REISVERHALEN --> Allerlei
 

Verhalen1        

Duw- en trekwerk
Verhalen2 Toeval
Verhalen3 Bootwerkers en neringdoenden
Verhalen4 Bolsius en de charleston
Verhalen5  
Verhalen6  
duw

DUW- EN TREKWERK Jaap de Ridder naar boven


Volgens kenners is Willem Elschot de meest gelezen, al overleden, schrijver in Nederland. Zijn verhalen getuigen van opmerkelijk inzicht in mensen en zakendoen. "Lijmen en het been", "Tjip', "Kaas", we hebben ze allemaal wel eens gelezen. Jammer genoeg is "Het Tankschip" uit 1941 wat minder bekend. Juist dat verhaal beschrijft, beter dan welk theorieboek ook, hoe je `shipowner' wordt. Nu heet Willem Elschot van huis uit De Ridder en het toeval wil dat onze VNS De Ridder, Jaap om precies te zijn, mijn Willem Elschot werd. Met wat duw- en trekwerk, zou mijn broer zeggen, had ik voor Nedlloyd Bulk het beheerscontract voor zes Marindus schepen veroverd. Een serie multipurpose schepen van een werf in Sorel bij Montreal. Let wel, van Panamese vlag naar Nederlandse vlag!Jaap was mij wel bekend uit de verhalen, ontmoet had ik hem nog niet. Het lot bracht ons bij elkaar in het vliegtuig terug van Montreal naar Schiphol. Jaap op weg naar verlof na het reactiveren van de Marindus-schepen en ikzelf na overname in management van het laatste schip van de serie.

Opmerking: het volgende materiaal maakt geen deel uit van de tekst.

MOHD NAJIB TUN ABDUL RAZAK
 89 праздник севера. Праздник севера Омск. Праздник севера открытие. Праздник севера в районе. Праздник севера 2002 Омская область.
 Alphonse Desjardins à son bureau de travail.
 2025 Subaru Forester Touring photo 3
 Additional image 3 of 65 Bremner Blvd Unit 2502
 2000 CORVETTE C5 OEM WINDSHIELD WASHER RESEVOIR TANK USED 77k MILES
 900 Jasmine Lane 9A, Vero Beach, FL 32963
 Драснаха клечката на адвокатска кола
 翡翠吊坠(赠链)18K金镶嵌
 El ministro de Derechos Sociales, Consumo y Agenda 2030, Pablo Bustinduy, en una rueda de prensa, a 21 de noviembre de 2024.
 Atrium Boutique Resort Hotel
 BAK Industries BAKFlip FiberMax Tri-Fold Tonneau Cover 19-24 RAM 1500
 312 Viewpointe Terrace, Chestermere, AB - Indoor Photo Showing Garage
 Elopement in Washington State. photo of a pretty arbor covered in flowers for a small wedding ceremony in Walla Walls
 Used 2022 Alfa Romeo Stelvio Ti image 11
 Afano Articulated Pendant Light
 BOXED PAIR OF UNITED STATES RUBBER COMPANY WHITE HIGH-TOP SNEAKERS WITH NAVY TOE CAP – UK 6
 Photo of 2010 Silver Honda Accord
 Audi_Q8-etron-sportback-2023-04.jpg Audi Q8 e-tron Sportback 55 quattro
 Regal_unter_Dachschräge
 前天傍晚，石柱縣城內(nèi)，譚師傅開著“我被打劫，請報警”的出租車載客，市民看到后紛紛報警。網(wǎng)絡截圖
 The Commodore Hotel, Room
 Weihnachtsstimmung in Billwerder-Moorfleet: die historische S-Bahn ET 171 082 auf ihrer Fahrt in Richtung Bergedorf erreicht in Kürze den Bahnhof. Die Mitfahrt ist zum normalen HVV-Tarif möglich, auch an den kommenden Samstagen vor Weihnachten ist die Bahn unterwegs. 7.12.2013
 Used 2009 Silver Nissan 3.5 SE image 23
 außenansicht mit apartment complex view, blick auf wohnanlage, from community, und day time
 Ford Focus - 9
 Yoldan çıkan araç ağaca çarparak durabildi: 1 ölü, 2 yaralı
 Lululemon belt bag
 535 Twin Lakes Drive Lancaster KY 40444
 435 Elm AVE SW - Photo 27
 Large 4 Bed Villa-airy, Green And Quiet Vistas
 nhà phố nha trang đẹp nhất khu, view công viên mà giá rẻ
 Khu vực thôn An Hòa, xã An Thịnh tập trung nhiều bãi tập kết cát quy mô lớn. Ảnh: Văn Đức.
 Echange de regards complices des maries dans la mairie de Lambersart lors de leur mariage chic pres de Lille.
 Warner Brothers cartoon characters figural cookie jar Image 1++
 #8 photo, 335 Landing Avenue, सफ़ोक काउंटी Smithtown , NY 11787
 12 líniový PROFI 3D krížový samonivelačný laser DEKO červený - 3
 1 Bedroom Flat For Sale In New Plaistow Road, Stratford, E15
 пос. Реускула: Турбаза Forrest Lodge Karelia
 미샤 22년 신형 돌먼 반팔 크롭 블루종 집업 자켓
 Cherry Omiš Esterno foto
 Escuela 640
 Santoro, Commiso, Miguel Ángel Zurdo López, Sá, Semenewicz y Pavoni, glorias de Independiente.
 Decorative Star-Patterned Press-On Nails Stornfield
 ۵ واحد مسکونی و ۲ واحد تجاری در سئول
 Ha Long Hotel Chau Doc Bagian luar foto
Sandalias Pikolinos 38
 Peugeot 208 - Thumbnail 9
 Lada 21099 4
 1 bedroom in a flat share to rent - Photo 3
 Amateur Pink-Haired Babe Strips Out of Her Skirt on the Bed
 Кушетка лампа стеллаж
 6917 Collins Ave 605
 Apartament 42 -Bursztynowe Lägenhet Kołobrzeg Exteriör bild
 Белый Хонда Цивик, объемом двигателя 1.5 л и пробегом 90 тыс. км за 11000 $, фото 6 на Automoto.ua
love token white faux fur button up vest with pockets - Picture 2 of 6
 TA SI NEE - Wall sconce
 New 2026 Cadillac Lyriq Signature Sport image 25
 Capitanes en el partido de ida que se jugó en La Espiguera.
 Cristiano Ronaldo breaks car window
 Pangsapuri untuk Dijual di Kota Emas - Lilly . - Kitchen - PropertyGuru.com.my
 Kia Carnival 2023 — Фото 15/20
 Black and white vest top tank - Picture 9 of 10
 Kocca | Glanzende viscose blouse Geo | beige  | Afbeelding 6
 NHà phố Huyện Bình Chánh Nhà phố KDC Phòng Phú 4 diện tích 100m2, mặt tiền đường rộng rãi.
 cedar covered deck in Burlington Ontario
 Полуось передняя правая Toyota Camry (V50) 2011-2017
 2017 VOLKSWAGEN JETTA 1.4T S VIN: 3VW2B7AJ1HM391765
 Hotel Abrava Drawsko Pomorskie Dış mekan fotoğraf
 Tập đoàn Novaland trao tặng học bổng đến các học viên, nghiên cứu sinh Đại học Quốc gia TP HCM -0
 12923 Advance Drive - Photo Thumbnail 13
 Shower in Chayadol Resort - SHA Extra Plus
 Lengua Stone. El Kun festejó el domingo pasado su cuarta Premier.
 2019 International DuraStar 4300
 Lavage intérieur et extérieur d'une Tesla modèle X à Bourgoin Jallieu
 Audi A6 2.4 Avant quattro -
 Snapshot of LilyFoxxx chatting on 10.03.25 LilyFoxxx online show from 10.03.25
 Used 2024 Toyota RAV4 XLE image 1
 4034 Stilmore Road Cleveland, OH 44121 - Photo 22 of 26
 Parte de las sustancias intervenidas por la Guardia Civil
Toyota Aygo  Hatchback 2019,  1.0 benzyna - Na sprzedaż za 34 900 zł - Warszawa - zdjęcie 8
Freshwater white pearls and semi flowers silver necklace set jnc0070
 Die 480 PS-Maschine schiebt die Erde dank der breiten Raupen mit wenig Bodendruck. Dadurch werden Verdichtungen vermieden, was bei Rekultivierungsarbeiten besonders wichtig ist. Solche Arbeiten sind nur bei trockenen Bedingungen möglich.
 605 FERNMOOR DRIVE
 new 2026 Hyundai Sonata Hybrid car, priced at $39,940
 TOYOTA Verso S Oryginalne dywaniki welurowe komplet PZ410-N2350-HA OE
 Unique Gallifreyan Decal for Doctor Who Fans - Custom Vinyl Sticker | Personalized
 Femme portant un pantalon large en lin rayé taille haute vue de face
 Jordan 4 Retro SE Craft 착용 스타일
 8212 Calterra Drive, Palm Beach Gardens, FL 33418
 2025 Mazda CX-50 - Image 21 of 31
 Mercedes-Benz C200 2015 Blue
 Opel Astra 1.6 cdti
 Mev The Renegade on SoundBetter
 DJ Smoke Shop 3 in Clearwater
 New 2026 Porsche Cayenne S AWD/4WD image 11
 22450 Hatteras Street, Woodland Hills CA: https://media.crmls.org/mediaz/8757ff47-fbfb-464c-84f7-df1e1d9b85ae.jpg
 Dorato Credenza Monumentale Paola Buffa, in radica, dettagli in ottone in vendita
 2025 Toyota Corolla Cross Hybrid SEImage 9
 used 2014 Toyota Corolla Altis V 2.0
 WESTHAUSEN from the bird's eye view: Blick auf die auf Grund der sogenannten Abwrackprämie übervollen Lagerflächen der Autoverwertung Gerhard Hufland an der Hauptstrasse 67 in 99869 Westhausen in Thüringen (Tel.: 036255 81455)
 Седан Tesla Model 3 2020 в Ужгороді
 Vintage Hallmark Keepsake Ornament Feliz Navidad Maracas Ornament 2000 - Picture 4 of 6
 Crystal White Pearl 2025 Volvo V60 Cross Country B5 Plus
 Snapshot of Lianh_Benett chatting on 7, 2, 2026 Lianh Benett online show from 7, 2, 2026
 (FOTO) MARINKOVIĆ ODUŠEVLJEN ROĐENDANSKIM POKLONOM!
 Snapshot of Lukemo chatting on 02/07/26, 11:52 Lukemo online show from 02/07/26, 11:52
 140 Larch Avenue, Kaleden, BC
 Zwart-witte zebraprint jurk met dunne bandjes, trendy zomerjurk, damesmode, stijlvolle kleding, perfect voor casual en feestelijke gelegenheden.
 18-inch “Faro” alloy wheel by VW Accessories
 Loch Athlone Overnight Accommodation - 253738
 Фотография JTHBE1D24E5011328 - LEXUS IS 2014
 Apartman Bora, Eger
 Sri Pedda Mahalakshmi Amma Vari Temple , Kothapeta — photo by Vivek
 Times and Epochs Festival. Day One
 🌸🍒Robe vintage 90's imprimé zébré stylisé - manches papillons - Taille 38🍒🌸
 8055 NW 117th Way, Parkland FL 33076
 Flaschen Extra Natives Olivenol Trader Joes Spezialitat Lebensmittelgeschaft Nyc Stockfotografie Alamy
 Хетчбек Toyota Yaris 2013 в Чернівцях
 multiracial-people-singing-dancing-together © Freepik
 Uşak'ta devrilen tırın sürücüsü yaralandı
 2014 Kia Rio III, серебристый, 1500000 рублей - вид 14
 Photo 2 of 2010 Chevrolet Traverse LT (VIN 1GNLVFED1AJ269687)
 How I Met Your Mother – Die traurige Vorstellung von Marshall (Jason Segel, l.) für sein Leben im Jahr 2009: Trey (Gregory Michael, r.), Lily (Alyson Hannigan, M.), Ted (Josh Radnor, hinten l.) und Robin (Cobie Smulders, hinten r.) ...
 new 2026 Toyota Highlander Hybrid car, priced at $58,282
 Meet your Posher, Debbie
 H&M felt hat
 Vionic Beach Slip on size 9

We zaten opgepropt naast elkaar in de economy class (op zeeliedenticket uiteraard) en kletsten wat over het "duw- en trekwerk". Jaap vroeg of hij daarover iets aan zijn buurman mocht vertellen, die was scheepsmakelaar, in Antwerpen.
Een week of wat later bracht buurman/makelaar ons een bezoek in Rotterdam. Hij had twee schatjes van schepen (Balder Antwerpen en Balder Gent) bij Cockerill, waarvan de opdrachtgevers in gebreke bleven. Of ik daar wat duw- en trekwerk voor kon verzinnen. Om een lang verhaal kort te maken, Nedlloyd voelde er niets voor. #@*!!! Nog meer Belgische vlag - exploitatie. Hadden we daar zelf al niet problemen genoeg mee?Waarom niet zelf geprobeerd? Contacten met buurman/makelaar en de werf liepen op niets uit. Uiteindelijk kocht Vroon de scheepjes voor weinig. Buurman/makelaar wist een bevriende makelaar in Rotterdam. Die liep naar de tachtig en had geen opvolger. Was dat iets "for starters"? Kijk, zo is het gekomen. Het duw- en trekwerk is gebleven. Bij Willem Elschot betrof het een tankschip.

toeval

TOEVAL Peter C.J. Speet

naar boven


Naarmate de leeftijd toeneemt, nemen de herinneringen aan vroeger evenredig toe. Al wat langer was ik op zoek naar een boek over de VNS en KNSM. Ook het idee om oud-collega’s eens te ontmoeten, borrelde naar boven. Op diverse boekenmarkten waren geen boeken te vinden over de VNS en KNSM. Eind augustus van dit jaar waren wij een weekje aan het karavanen in de Achterhoek. In het stadje Bredevoort wordt de jaarlijkse zeer bekende boekenmarkt gehouden. Het stadje staat vol met boekenkraampjes en ook een met boeken over recente scheepvaart. Groot was de verbazing dat een mevrouw mij aansprak over het VNS-boek dat door mij werd doorgebladerd. Ze kende de schrijver en wist ook dat hij in Hoek van Holland woont! Bovendien was er een vereniging van oud-VNS’s!! Daarna was de cirkel snel gesloten en meldde ik mij aan als lid. Toen kwamen pas echt de herinneringen uit de jaren zestig boven. Mijn eerste reis als leerling-WTK op de Ivoorkust met de heer Jiskoot als HWTK, een strenge man met een donkere bril op. Een machinekamer met twee MAK-hoofdmoteren met één schroef. Zeeziek worden, ook een paar dagen te kooi met hoge koorts, de Eerste Stuurman plus timmerman kwamen kijken, ook mijn maten werden gemeten, voor een kist, just in case! De eerste haven, Freetown om de lokale werkploeg aan boord te nemen, slapen onder een tent. De headman kreeg een hut in het vooronder. Op naar Lagos, niet direct aan de kade. Door de stad lopen en ‘s avonds naar de Dressler bar. Naar Port Harcourt de rivier op, het oerwoud in om palmolie te laden, heel bijzonder. Veel reizen gemaakt op de westkust. Ook naar Angola, toen nog Portugees, heel westers. Belgisch Congo was net zelfstandig, niet echt veilig toen met Lemoemba.
In Amsterdam werd de 4e WTK Tik door 4e WTK Tak afgelost, de weinige namen die ik heb onthouden. En natuurlijk de heer Kok van het kantoor. Toen werden collega’s met hun rang aangesproken, zo <"Meester 3, een biertje?"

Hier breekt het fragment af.